I’m not telling you to sit down and have a pint of ice cream and a bag of Doritos everyday (though if you’ve had a particularly bad day, I say go for it). I am saying this – don’t skip meals. Skipping meals has a profound effect on your mood and can lead you not only into anxiety, but also depression. Eating well can increase your energy, and help you function so that anxiety doesn’t take over. Try to incorporate more fruits and veggies in your diet, as well as more water. Good hydration is important, too!
5. Be social.
This one has always been hard for me to stay consistent with. I am a huge introvert, and I tend to bottle things up and keep to myself because I don’t want to “burden” anyone with my feelings. As you probably have guessed, this does not bode well for me when it comes to my anxiety. I have a few close friends that I talk to when I am having a hard time processing the next “big thing” the military throws our way (and we socialize regularly, too!) Talking to someone helps a lot more than you think, and I promise you, your friends will never feel like you’re burdening them. Don’t have any friends where you are? You can also seek out volunteer opportunities with your local FRG or spouses club and meet people that way!
6. See a therapist.
As I mentioned at the beginning, my therapist has been instrumental in helping me deal with my anxiety, especially when it comes to military life. A therapist can help you develop your own coping skills, as well as an individualized treatment plan for your anxiety.
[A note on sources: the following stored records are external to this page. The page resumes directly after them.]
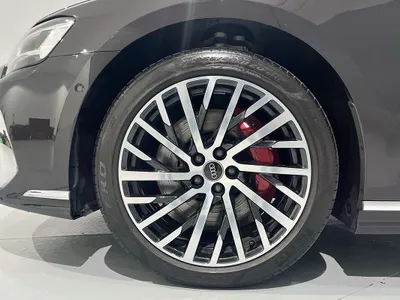 2025 اودي اي 8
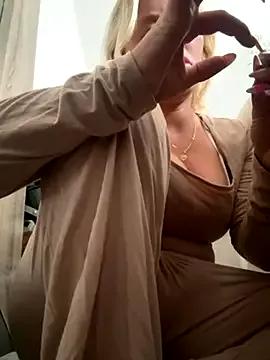 Freechat blissdimicco on StripChat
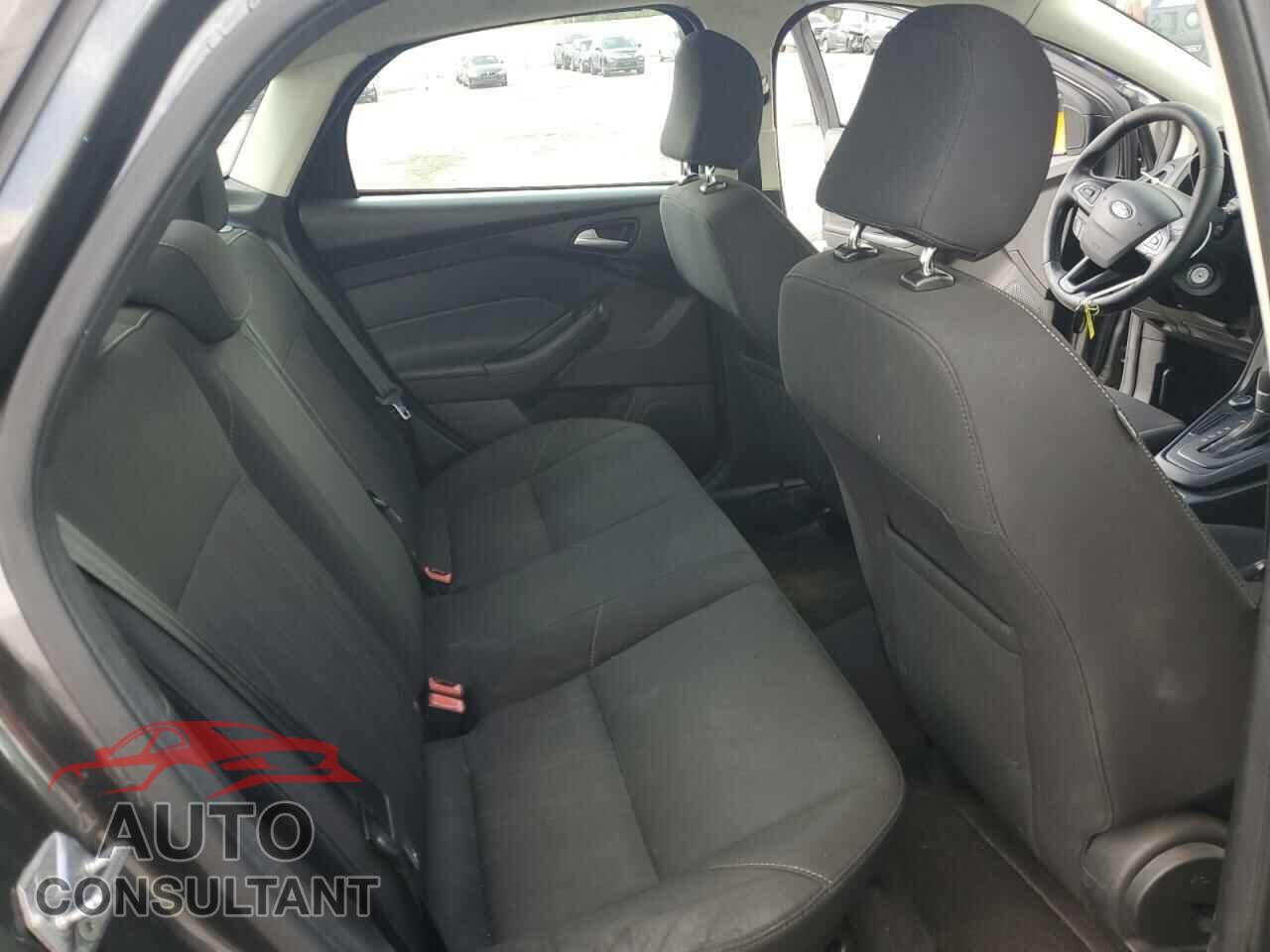 FORD FOCUS 2016 - 1FADP3F24GL275862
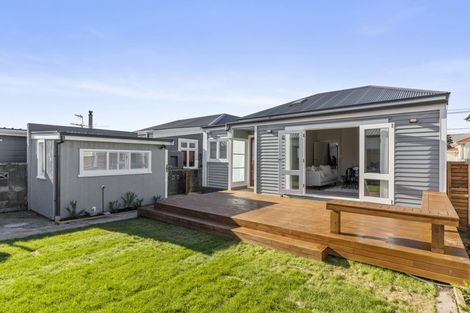 Photo of property in 5 Bay Street, Petone, Lower Hutt, 5012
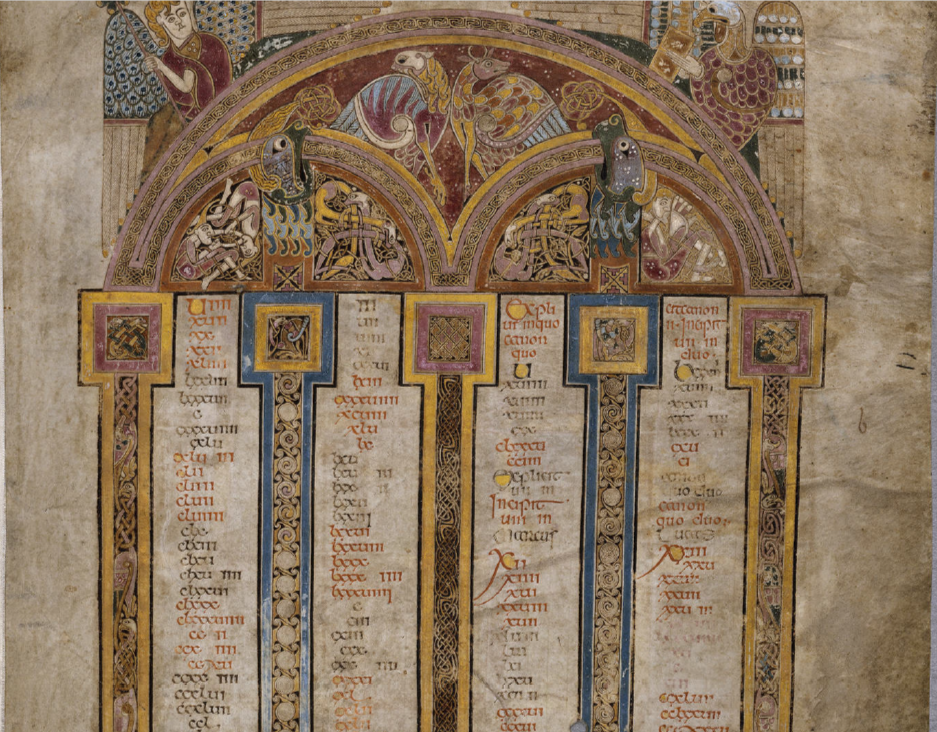 В левой арке борцы одеты в йонары и короткие брюки. В арке справа на мужчине костюм прямо таки - все детали в одном цвете и с подобранным декором.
The good news about this one is TriCare fully covers mental health services without a referral, so it is easier than you think to find a therapist in network in your local area. You can also seek out your local chaplain or Military Family Life Counselor (MFLC) if you feel like you need to talk to someone more well-versed with military life.
I know that military life is extremely challenging and can often send your anxiety into overdrive. I also know how lonely and isolating it can be when we feel paralyzed by it. But if I can give you, fellow anxious spouse, any encouragement, it’s that you are NEVER alone, and that you are worthy. I hope these tips help you, and I hope you can come up with some of your own coping strategies, too!